# Task item:
Only the stretch below from the line holding "blue and yellow fish vector" through the line holding "Bevel Gear-1 Assembly" should be restated, word for word and with both ends included; pictures stay out.

# Excerpted data:
□ □ □ □ □ □ □
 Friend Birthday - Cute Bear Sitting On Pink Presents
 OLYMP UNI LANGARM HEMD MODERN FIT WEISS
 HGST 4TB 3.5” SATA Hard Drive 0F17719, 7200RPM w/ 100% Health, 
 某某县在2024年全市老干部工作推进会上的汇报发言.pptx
□ □ □ □ □ □ □
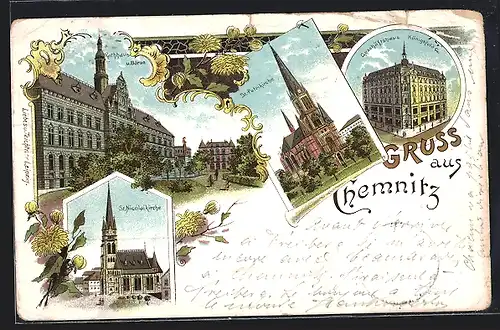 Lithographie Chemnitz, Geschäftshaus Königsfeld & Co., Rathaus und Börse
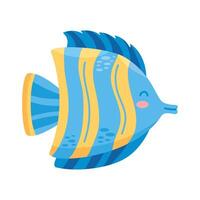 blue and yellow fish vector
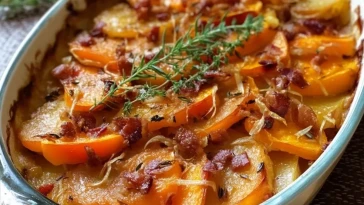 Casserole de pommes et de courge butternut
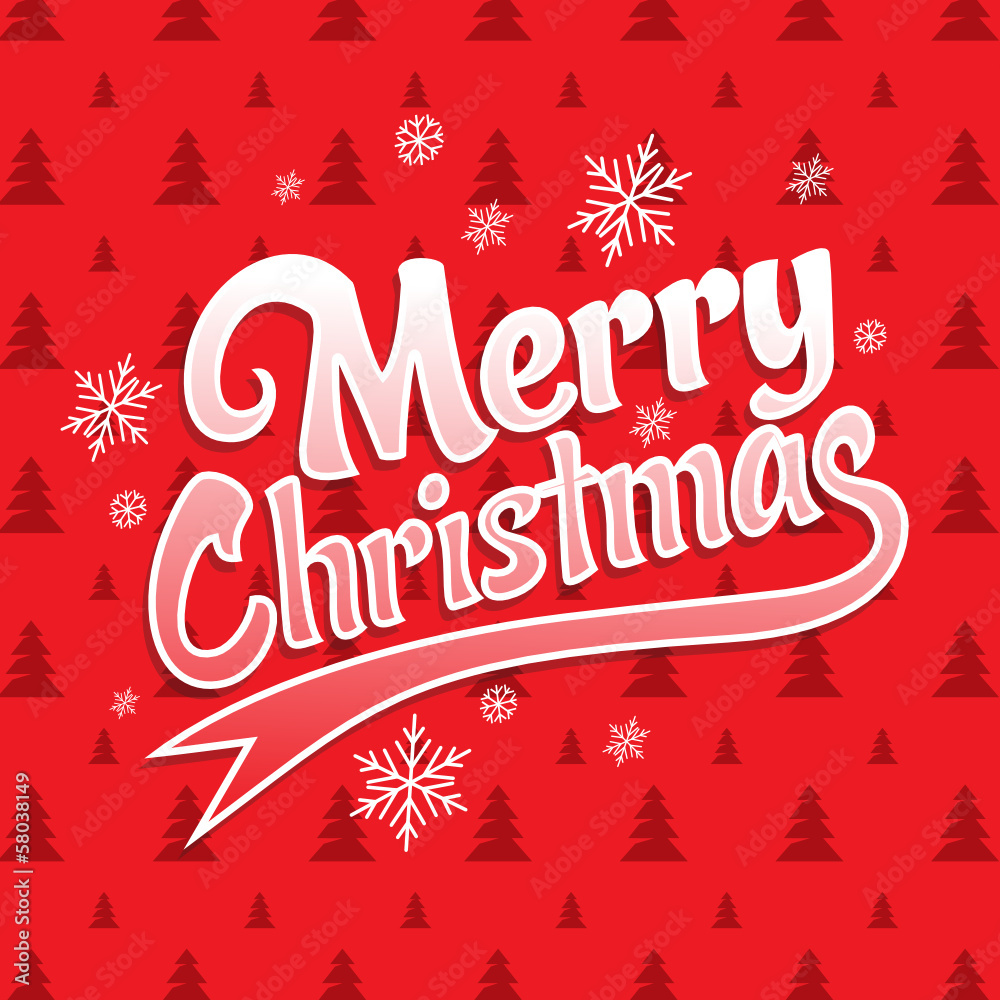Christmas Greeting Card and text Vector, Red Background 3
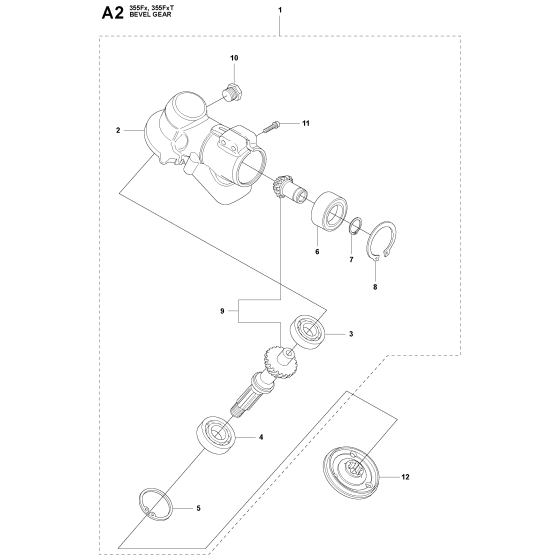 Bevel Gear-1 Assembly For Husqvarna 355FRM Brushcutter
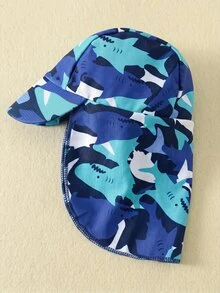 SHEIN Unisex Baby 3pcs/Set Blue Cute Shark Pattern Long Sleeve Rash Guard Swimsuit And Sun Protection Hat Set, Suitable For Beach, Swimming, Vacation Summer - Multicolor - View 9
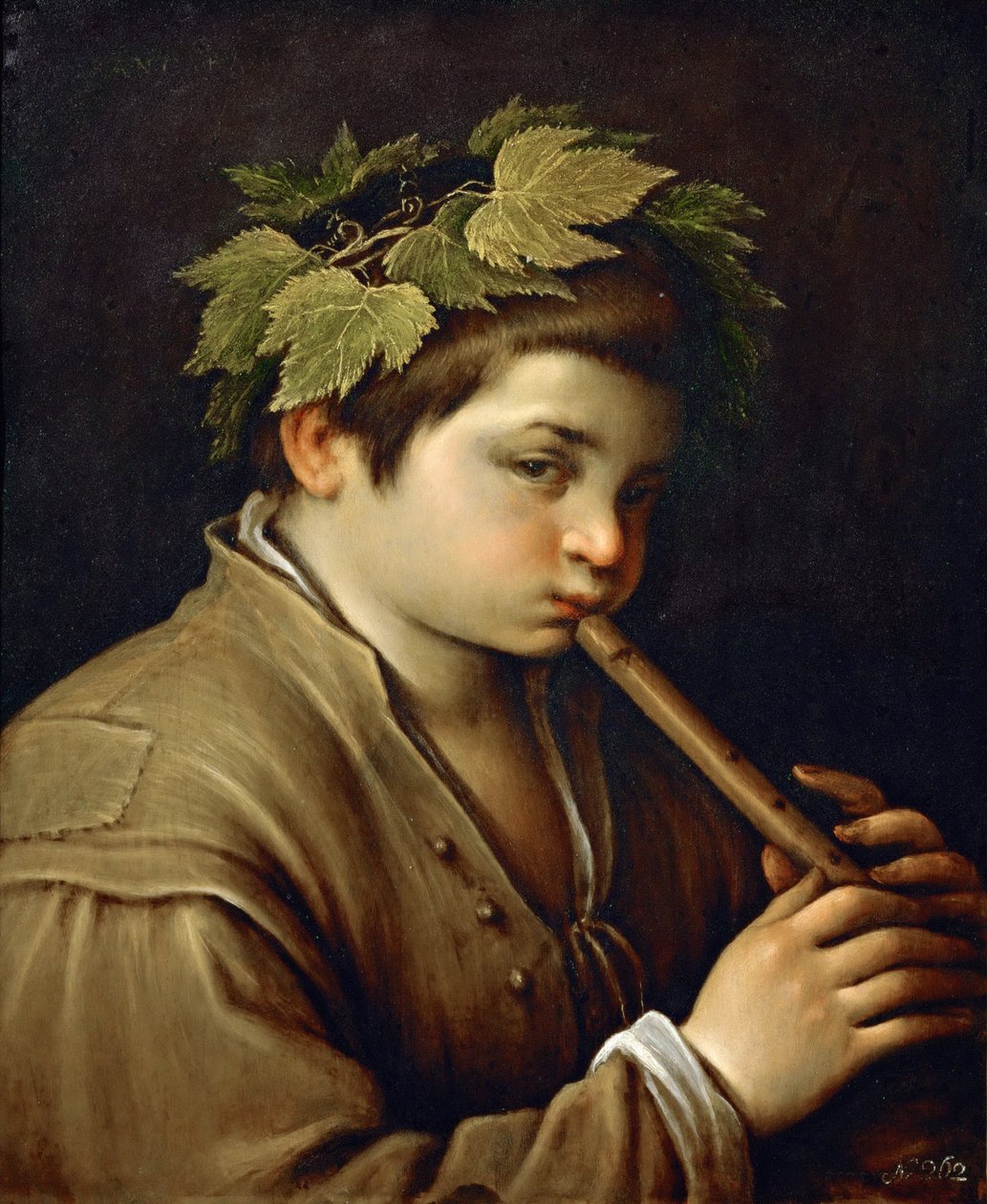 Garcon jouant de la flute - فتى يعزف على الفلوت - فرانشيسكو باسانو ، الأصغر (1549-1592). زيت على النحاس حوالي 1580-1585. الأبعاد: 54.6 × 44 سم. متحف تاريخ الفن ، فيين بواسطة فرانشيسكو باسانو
□ □ □ □ □ □ □
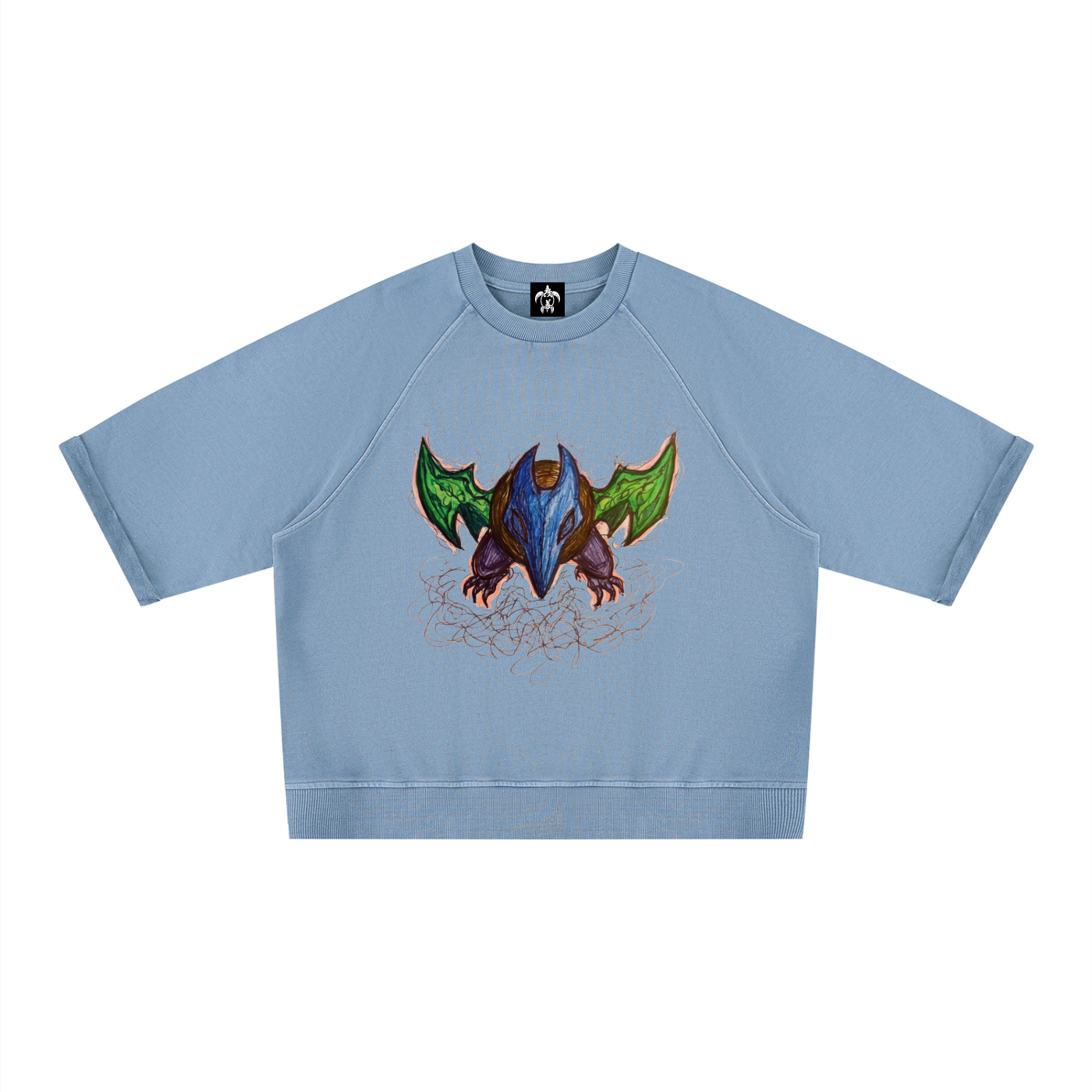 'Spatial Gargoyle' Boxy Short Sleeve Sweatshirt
□ □ □ □ □ □ □
# Solution to the problem:
 blue and yellow fish vector
 Casserole de pommes et de courge butternut
Christmas Greeting Card and text Vector, Red Background 3
 Bevel Gear-1 Assembly For Husqvarna 355FRM Brushcutter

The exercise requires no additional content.